TASK DESCRIPTION -
Exactly as they appear, copy the lines from the start of the entries below to the line containing "Карты игральные 1*36 1/120", both ends included.

RECORDS FOR PROCESSING -
-.-.-

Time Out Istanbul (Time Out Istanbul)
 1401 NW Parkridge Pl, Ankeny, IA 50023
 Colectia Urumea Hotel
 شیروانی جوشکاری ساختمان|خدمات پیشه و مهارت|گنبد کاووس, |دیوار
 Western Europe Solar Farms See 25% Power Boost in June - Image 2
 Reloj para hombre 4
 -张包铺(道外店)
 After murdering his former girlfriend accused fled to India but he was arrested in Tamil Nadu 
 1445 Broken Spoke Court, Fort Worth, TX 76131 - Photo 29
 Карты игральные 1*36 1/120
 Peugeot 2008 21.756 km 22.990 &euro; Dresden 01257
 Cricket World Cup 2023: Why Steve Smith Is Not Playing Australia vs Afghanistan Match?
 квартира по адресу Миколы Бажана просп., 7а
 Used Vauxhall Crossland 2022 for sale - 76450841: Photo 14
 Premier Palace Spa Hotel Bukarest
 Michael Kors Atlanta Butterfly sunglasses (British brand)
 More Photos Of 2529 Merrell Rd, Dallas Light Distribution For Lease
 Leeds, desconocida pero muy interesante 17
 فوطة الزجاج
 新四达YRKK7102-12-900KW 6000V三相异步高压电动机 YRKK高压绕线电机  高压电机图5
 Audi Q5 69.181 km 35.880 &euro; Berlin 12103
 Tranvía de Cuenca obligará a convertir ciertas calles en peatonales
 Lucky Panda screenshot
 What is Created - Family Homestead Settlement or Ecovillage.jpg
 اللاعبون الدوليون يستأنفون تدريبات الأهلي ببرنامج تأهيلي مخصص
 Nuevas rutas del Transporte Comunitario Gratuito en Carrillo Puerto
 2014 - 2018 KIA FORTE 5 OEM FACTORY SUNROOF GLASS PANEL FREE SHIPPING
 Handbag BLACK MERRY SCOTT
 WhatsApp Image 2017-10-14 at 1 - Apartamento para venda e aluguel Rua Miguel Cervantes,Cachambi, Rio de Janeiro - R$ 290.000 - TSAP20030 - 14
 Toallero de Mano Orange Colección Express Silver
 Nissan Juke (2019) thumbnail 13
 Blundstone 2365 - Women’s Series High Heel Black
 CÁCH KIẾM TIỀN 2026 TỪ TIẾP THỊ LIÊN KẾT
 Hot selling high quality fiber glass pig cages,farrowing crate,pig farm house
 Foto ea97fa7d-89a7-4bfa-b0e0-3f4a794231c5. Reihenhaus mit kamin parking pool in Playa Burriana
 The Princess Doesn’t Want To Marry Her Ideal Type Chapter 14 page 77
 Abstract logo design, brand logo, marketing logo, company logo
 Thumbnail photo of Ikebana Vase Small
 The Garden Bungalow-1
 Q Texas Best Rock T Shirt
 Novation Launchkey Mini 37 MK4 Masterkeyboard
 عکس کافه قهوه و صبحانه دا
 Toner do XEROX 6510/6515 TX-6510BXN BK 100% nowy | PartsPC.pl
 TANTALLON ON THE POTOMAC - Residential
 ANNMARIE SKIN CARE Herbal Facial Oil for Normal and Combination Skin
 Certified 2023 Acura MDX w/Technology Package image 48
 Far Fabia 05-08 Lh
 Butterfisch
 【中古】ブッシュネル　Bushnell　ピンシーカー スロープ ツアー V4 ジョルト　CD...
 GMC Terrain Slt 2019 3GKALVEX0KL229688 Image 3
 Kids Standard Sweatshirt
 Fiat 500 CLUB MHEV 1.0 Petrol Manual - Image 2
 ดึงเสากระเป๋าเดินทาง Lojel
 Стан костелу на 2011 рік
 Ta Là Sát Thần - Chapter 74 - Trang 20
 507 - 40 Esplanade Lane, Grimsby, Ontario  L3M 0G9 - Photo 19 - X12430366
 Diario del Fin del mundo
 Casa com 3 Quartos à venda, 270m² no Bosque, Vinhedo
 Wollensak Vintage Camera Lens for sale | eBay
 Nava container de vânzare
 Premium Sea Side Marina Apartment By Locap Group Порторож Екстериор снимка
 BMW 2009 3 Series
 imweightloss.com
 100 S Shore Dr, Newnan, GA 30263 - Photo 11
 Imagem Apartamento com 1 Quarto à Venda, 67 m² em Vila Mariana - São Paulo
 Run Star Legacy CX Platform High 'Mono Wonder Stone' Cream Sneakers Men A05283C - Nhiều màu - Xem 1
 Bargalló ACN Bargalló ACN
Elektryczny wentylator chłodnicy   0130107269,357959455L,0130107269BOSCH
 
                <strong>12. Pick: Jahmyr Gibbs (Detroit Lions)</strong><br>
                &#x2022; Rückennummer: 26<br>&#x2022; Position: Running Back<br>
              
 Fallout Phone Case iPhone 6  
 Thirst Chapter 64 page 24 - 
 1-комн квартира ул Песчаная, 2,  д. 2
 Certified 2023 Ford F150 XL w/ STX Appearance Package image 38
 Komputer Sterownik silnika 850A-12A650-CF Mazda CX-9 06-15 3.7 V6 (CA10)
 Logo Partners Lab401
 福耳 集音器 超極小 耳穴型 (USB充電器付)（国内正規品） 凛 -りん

-.-.-

TASK SOLUTION -
Time Out Istanbul (Time Out Istanbul)
 1401 NW Parkridge Pl, Ankeny, IA 50023
 Colectia Urumea Hotel
 شیروانی جوشکاری ساختمان|خدمات پیشه و مهارت|گنبد کاووس, |دیوار
 Western Europe Solar Farms See 25% Power Boost in June - Image 2
 Reloj para hombre 4
 -张包铺(道外店)
 After murdering his former girlfriend accused fled to India but he was arrested in Tamil Nadu 
 1445 Broken Spoke Court, Fort Worth, TX 76131 - Photo 29
 Карты игральные 1*36 1/120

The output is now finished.